Discrepancy between E() Values in Blastp Search - HELP
1
0
Entering edit mode
2.9 years ago
minasmayth • 0

Hi everyone,

I've been running a blastp search to compare the Histone H1t amino acid sequences of Ursus Maritimus and Mus Musculus, and have run into a bit of a problem. When calculating the E() Value, the BLAST program gives a value of 1e-58, which would be fine, but when I try to calculate the E() Value myself using the equation:

E=m×n×2^(-S')


Where E is the expected value, m is the total number of residues in the database/subject species (in this case 212), n is the number of residues in the query sequence (209) and S’ is the bit score (171).

E=212×209×2^(-171)= 1.48031073×〖10〗^(-47)≈〖1e〗^(-47)


Which lead to a problem for me. The bit score is calculated correctly from both BLAST and my calculations, so I'm wondering what the problem could be?
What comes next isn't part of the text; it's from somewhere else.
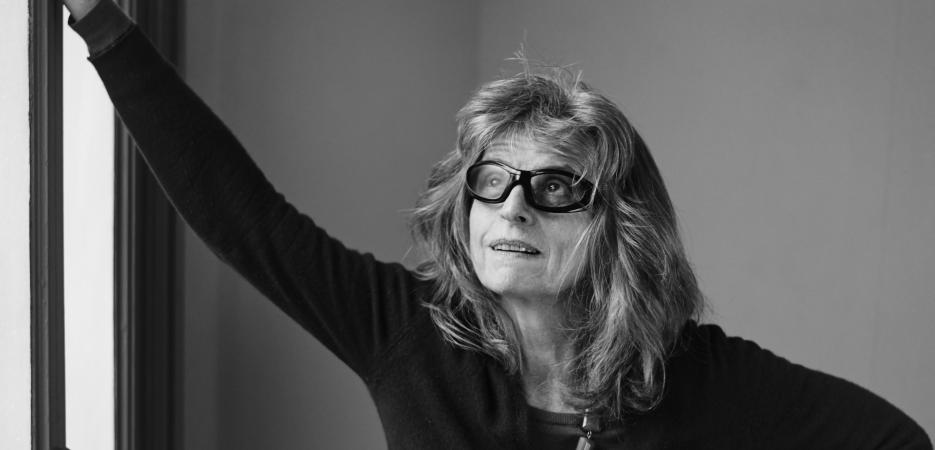 Black and white image of Claire Simon standing up leaning against a door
Any help at all would be greatly appreciated! Minas

BLAST Protein Blastp E-value E() Value • 692 views
0
Entering edit mode

Your formula's are correct, that's for sure.

Why are you actually looking to recalculate the blast Evalue?

Not very helpful but it turns out that recalculating blast Evalue is far from straightforward (impossible even?), the blast algorithm is a pitch black box in that sense unfortunately. So I would let it rest.

0
Entering edit mode

Ah okay, I'll leave it at that then. I wanted to do the calculations as the project I am doing recommends it, but if its not a good idea I won't do it. Thanks for the help!

0
Entering edit mode
2.8 years ago
mhampton • 0

Sorry to be pedantic but you should put the species in lower-case.

I tried to reproduce your result and I got a bit score of 183, not 171, but that isn't enough to resolve things. I think the bulk of the discrepancy you are seeing is because of the compositional scoring adjustment, described here:

https://www.ncbi.nlm.nih.gov/pmc/articles/PMC1343503/

It is irritating that they don't report the statistics in a more transparent way.